Vox Clamantis nous conduit très haut au plus profond du terroir estonien. C’est sublime.

Cyrillus KREEK (1889-1962)
« The Suspended Harp of Babel »
Marco et Angela Ambrosini (nyckelharpa), Anna-Liisa Eller (kannel), Vox Clamantis,
dir. Jaan-Eik Tulve
ECM New Series 2620. 2018. 1 h 10

Le temps a injustement effacé sa trace, pourtant Cyrillus Kreek a connu une renommée certaine en son temps et son travail de collecte et d’arrangement des mélodies traditionnelles continue d’alimenter le répertoire de toutes les chorales du pays. Le compositeur estonien ne cherche pas la modernité du langage. Comme d’autres à son époque, il tente davantage de combiner traditions populaires et langage savant. Il en résulte un subtil mélange de couleurs et de sonorités, tantôt faussement médiévales, tantôt traditionnelles. Et l’on a la sensation de remonter le temps au fil des pistes.

Impossible de s’ennuyer à travers cette sélection d’œuvres qui nous emmènent d’harmonies riches et joyeuses (Whilst Great is our Poverty) en psalmodies scandées (Jacob’s Dream) en passant par des chorals (By The Rivers of Babylon). Parfois ces multiples influences se rencontrent au sein d’une seule et même œuvre. C’est le cas d’Awake, My Heart qui alterne danses rythmées, voix seule a cappella et polyphonies dans le style choral. Les timbres instrumentaux accentuent la sensation d’exotisme. La nickelharpa, avec ses sonorités percussives dues aux imposantes touches que manipulent les instrumentistes, crée un son hybride.
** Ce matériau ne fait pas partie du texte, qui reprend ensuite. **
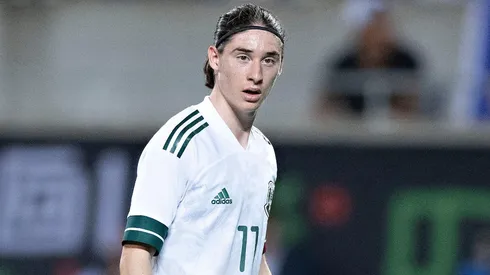 El gesto de Marcelo Flores tras el empate de México ante Guatemala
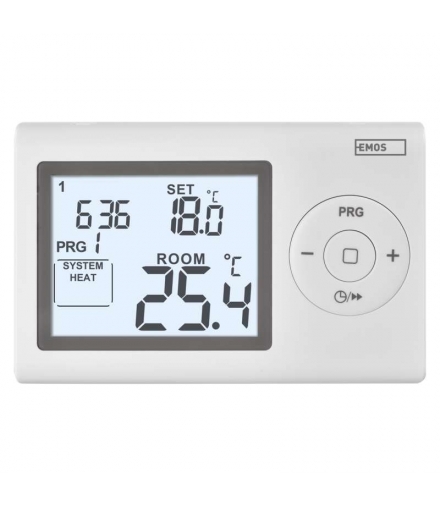 Termostat bezprzewodowy OpenTherm P5616OT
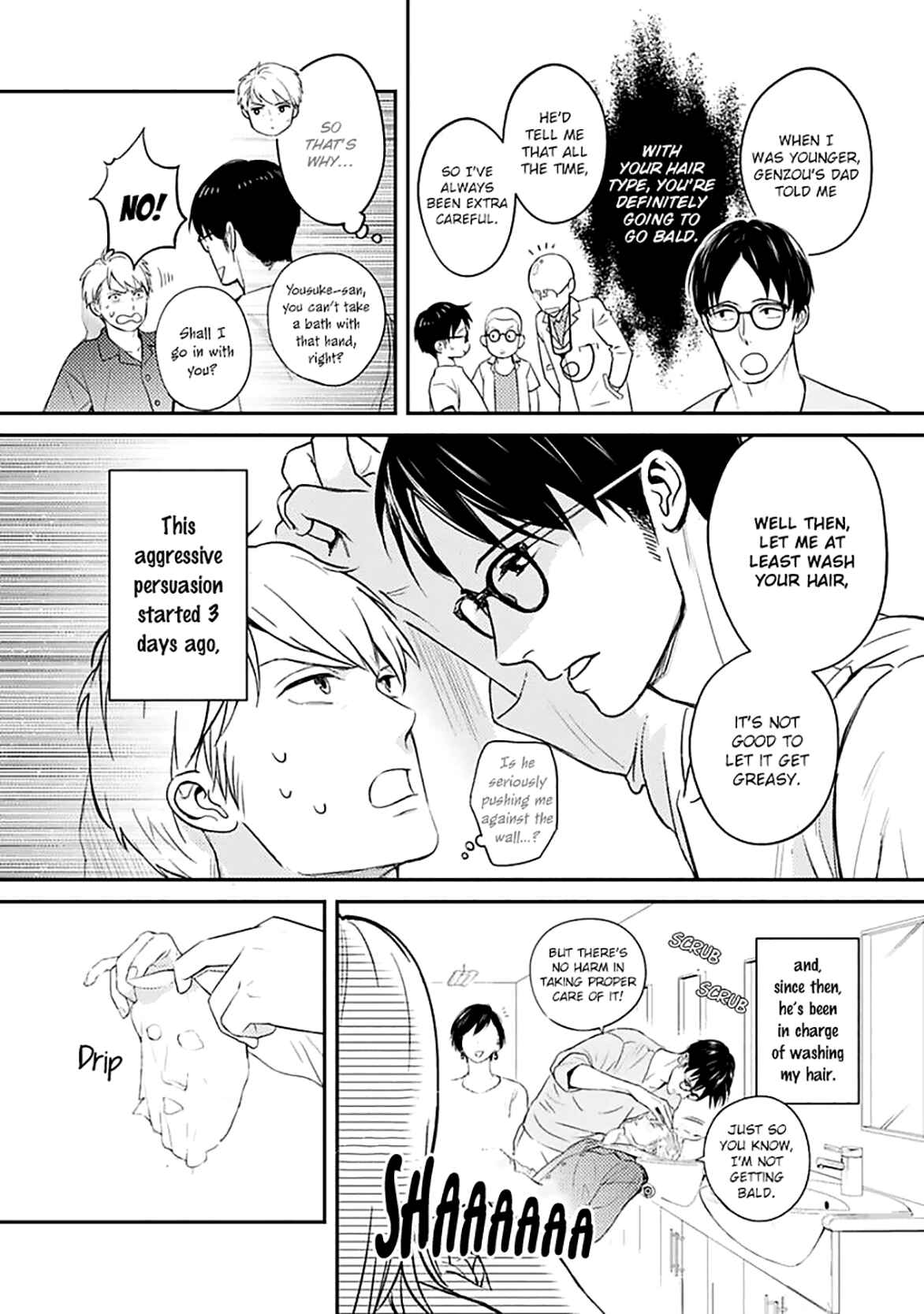 Page 6 Chapter 3 Super Darling is Dead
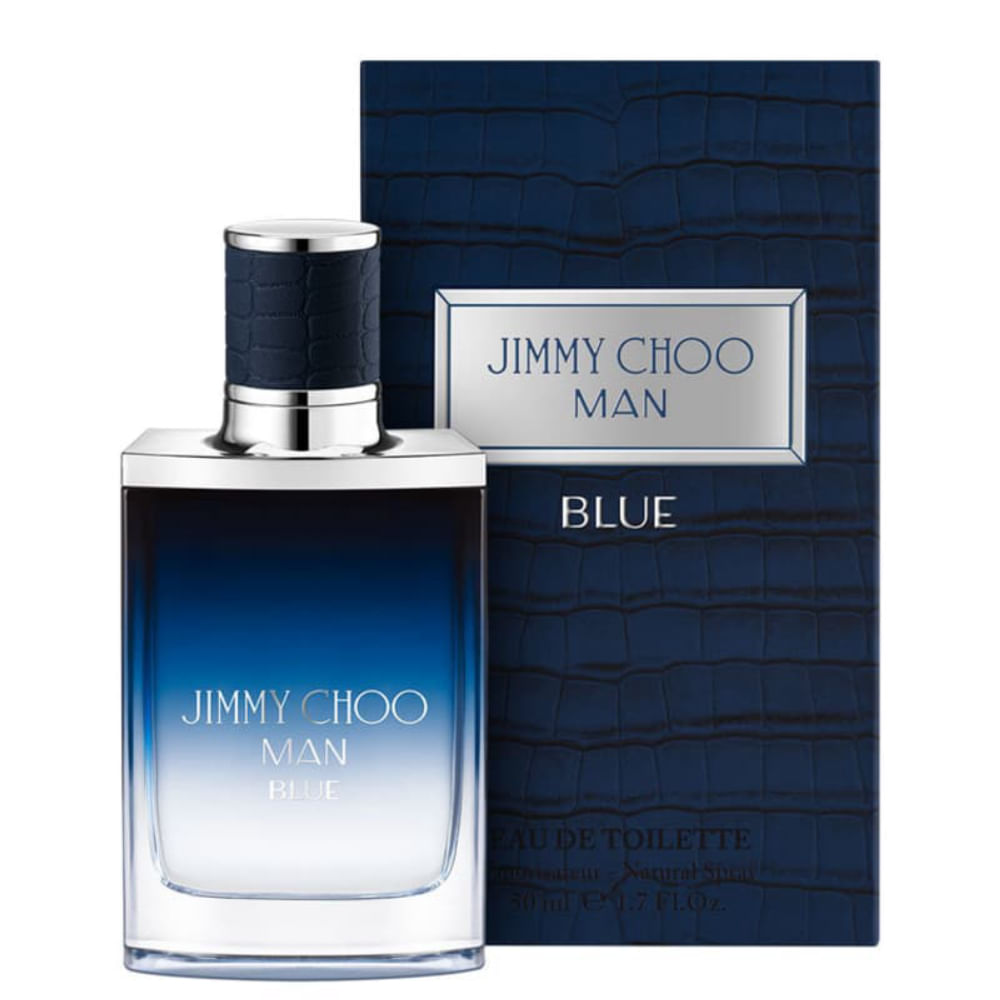 Jimmy Choo Man Blue  Eau de Toilette - Perfume Masculino 50ml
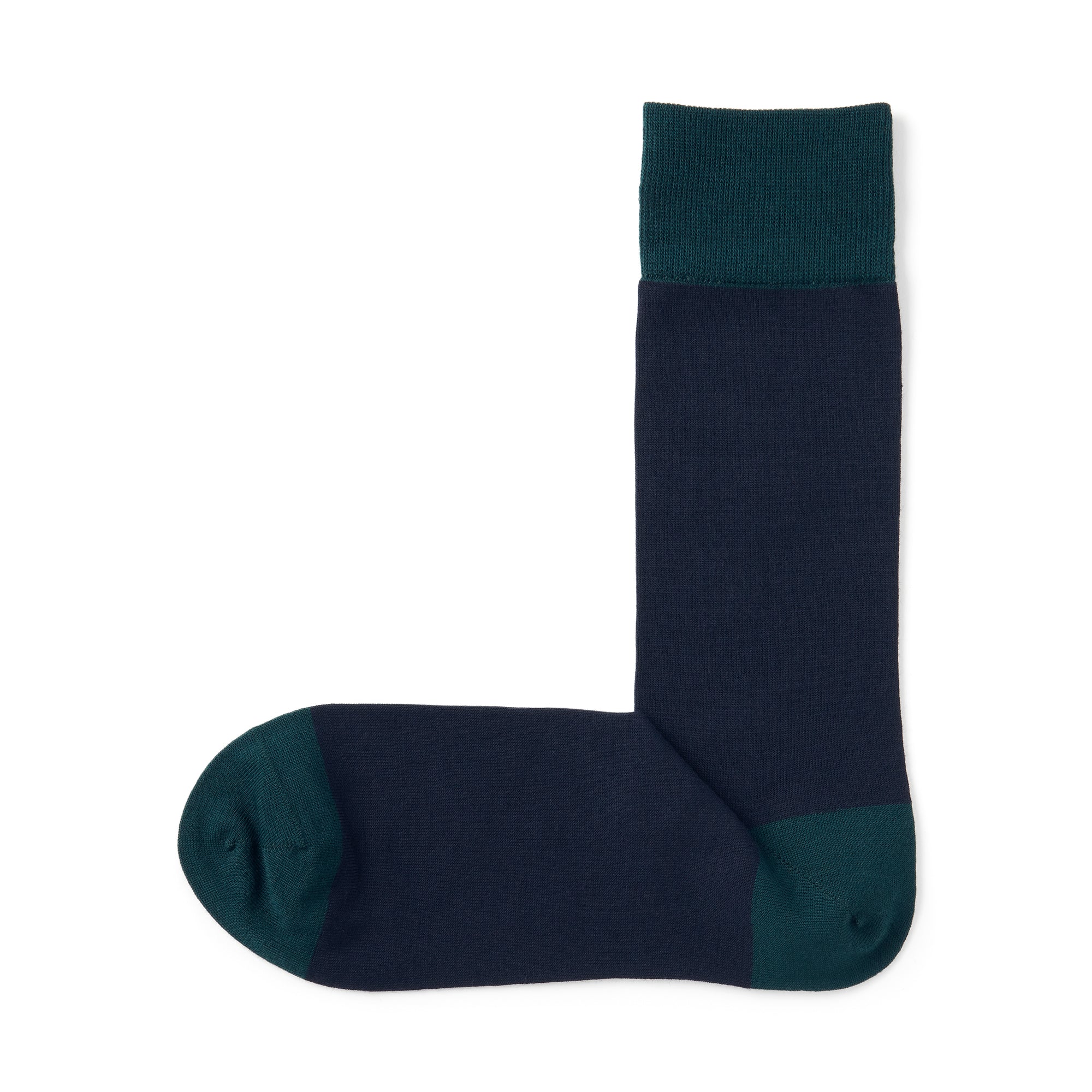 Right Angle Lustrous Wool Mix Thin Socks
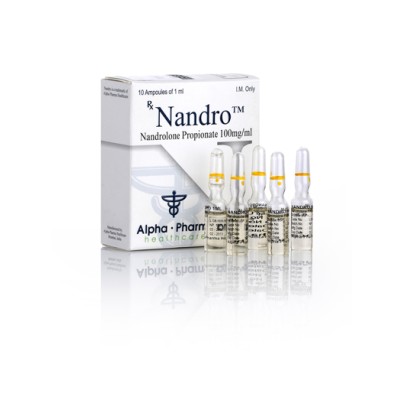 Nandro 10 amps 100mg/ml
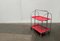 Vintage German Foldable Service Cart, Housebar or Side Table, 1970s, Image 1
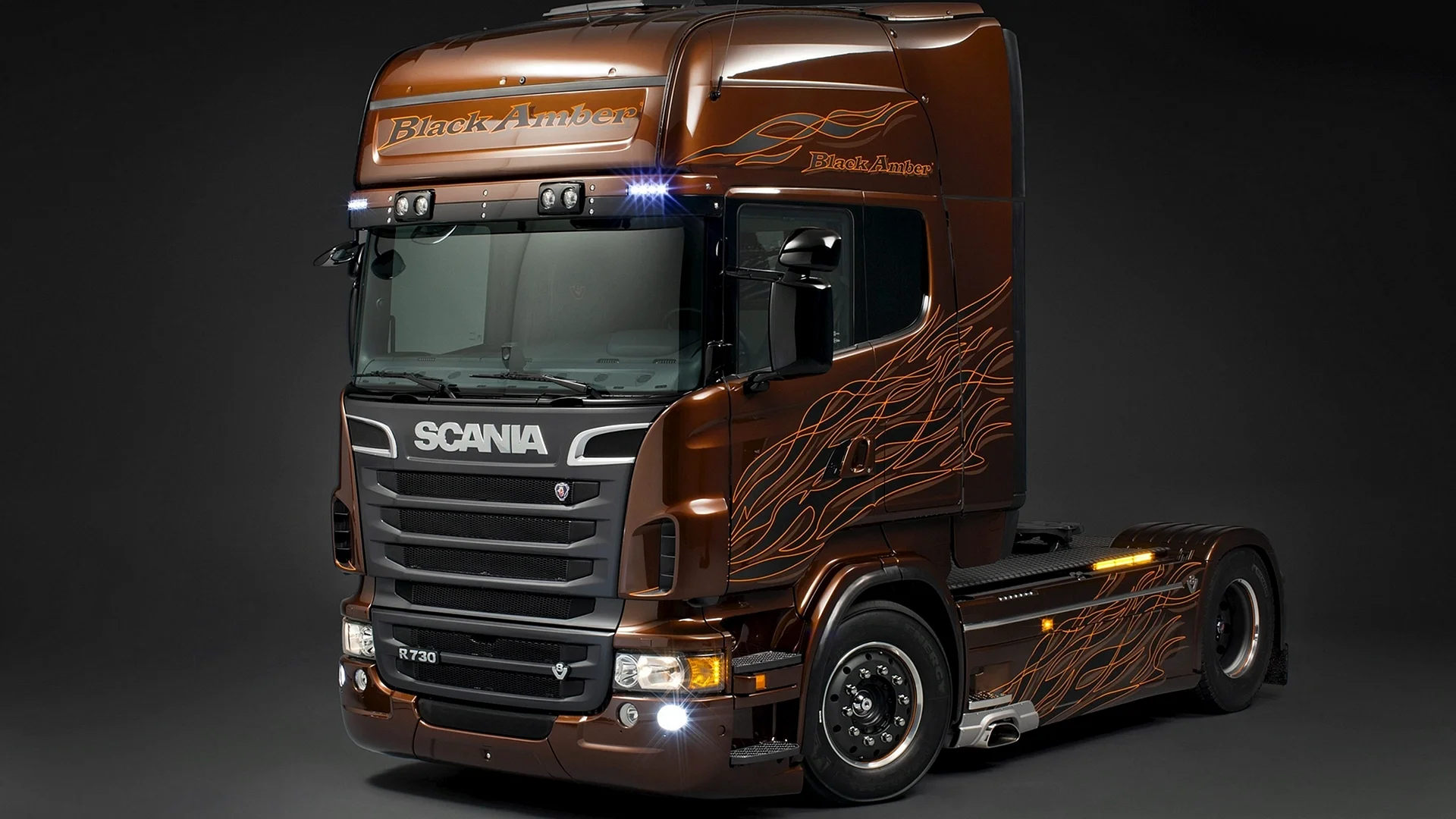 Scania R730 Wallpaper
Même sans élément de comparaison, il paraît évident que la musique de Kreek est sublimée par l’ensemble Vox Clamantis. La beauté tient autant à l’interprétation qu’à la musique. Dès l’ouverture, The Sun Shall not Smite Thee saisit par la plénitude timbrée des voix d’alto qui se meuvent à travers leur ligne mélodique comme un chanteur soliste. Rien ne dépasse. L’entrée du chœur d’hommes ensuite impose, sans effet caricatural, les graves incomparables des voix slaves. La direction de Jaan-Eik Tulve est impeccable : même avec une pulsation libre, les chanteurs restent parfaitement synchronisés et remarquablement homogènes. Même les respirations deviennent musicales. On ne peut qu’admirer un tel travail.